Foreign material is defined as foreign bodies that may cause illness or injury to the consumer, or are perceived by the consumer to be alien to the food. While not all foreign material is harmful, it is a physical hazard and its potential to cause injury or illness must be considered. The Canadian Food Inspection Agency (CFIA) recognizes three risks to the consumer from foreign materials—physical injury to the consumer, choking, and product tampering.
Foreign material in foods (glass, plastic, metal, etc.) is the major single cause of customer complaints received by many food manufactsurers, retailers, and enforcement authorities. In Canada, 42 percent of consumer food safety investigations conducted by the CFIA between April 2011 and March 2012 were the result of consumer complaints of extraneous materials, whereas only 11 percent of the 496 recalls issued in 2012 were caused by extraneous materials.
It’s not hard to understand why foreign materials account for such a high percentage of customer complaints; physical hazards are easily identified by the consumer. Physical hazards can often be seen in the food item before consumption whereas biological and chemical hazards are rarely identified by sight. Consumers can also feel the presence of a physical hazard in their food; biting into a piece of wood, chipping a tooth on a date pit, or choking on a piece of plastic are all dramatic
incidents. They also have an emotional reaction to foreign material. While a grasshopper may stimulate disgust, it’s not likely to be seen as hazardous. Other materials, however, such as glass, metal, or plastic, are seen as dangerous and the consumer will likely notify the manufacturer or the government.
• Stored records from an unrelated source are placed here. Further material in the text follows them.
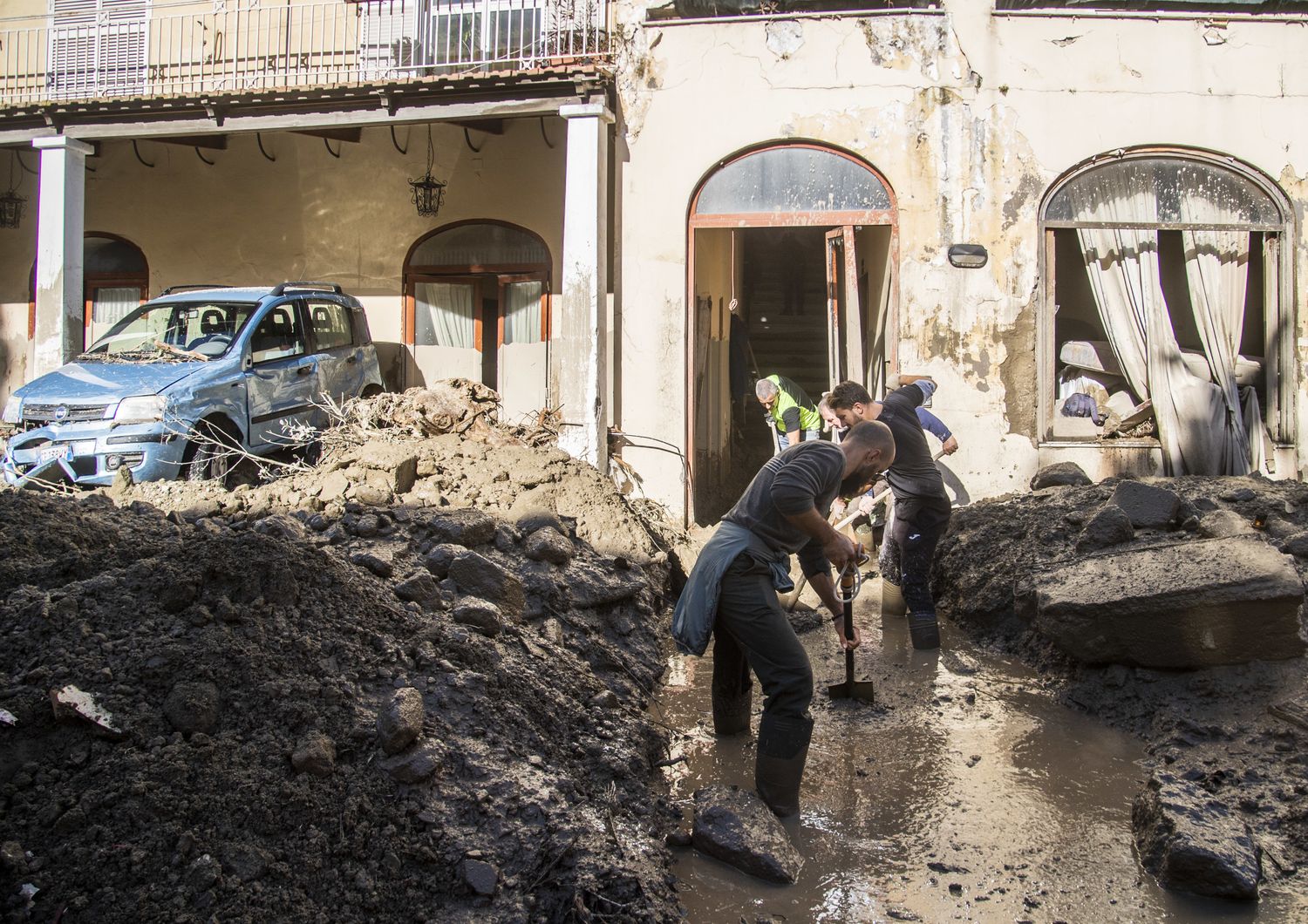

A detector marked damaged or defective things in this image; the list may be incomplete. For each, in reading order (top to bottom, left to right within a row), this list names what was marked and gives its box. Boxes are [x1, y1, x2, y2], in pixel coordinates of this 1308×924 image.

broken plaster patch [764, 20, 800, 59]
cracked plaster wall [612, 2, 1308, 520]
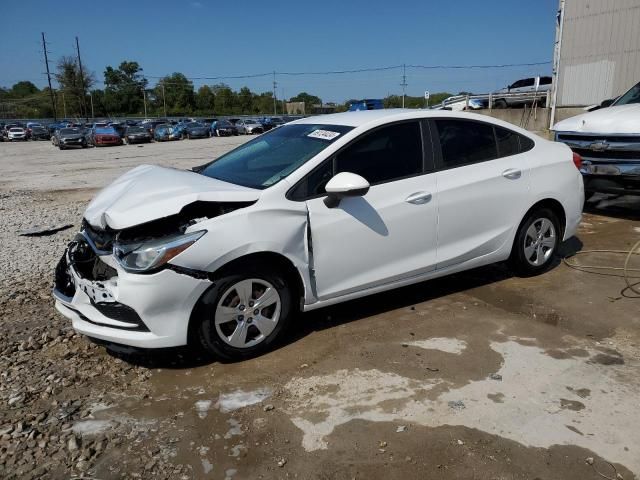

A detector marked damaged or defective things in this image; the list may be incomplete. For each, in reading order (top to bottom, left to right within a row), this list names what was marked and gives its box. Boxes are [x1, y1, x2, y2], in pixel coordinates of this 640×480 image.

crumpled hood [552, 103, 640, 133]
crumpled hood [84, 165, 260, 231]
broken headlight [113, 230, 205, 272]
damaged bumper [53, 242, 211, 346]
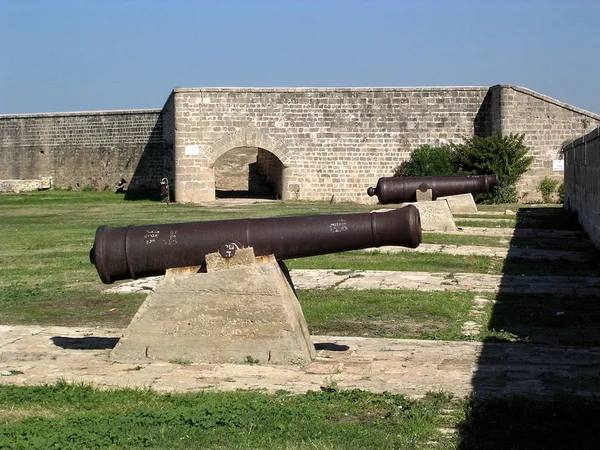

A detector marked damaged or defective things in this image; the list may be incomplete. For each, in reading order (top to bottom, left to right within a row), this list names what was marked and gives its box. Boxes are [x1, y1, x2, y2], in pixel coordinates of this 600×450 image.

rusty metal surface [366, 175, 502, 205]
rusty metal surface [91, 206, 424, 284]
Sources of Foreign Material
To prevent injury to the consumer, it is necessary to understand what types of foreign material can contaminate food and where this contamination occurs. Foreign materials are classified as either intrinsic (a component of the food such as bones, stems, or pits) or extrinsic (materials not normally found in food, such as stones, insects, plastic, glass, or metal). These categories indicate that physical hazards may contaminate food at any stage of production, from the farmer’s field, e.g. stones in grain, to the consumer’s kitchen, e.g. glassware.
Raw Materials and Process. Controlling foreign materials requires understanding three items: First, are there physical hazards intrinsic to your raw materials? Second, are there physical hazards inherent in your process? Third, are there hazards commonly associated with the food product when it’s consumed? A well-documented hazard analysis can help the producer, from the field to the manufacturer, focus its resources on the highest risk sources of foreign materials. The identification of physical hazards (FSEP Form 7) associated with raw materials (FSEP Form 2) and process (FSEP Form 3) facilitates the hazard analysis (FSEP Form 8). Once the high-risk items and processes have been identified, effective control and monitoring strategies can be developed and implemented. As a result, virtually every HACCP plan has some form of foreign material control as a critical control point.